- [What is needed]:
From the listing below, reproduce word for word the part that opens with the line containing "Single Family Residence" and closes with the line containing "Height Level Sensor"; reproduce nothing else.

- [Extracted records]:
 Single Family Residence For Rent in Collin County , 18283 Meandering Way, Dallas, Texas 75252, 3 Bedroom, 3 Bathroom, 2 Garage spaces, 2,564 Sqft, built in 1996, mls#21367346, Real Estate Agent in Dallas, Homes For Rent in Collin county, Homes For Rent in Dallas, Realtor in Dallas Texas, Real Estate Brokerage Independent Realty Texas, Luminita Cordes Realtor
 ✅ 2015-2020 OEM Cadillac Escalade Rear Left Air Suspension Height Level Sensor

--

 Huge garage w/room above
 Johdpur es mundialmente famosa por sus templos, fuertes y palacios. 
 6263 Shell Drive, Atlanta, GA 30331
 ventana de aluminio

- [Response area]:
 Single Family Residence For Rent in Collin County , 18283 Meandering Way, Dallas, Texas 75252, 3 Bedroom, 3 Bathroom, 2 Garage spaces, 2,564 Sqft, built in 1996, mls#21367346, Real Estate Agent in Dallas, Homes For Rent in Collin county, Homes For Rent in Dallas, Realtor in Dallas Texas, Real Estate Brokerage Independent Realty Texas, Luminita Cordes Realtor
 ✅ 2015-2020 OEM Cadillac Escalade Rear Left Air Suspension Height Level Sensor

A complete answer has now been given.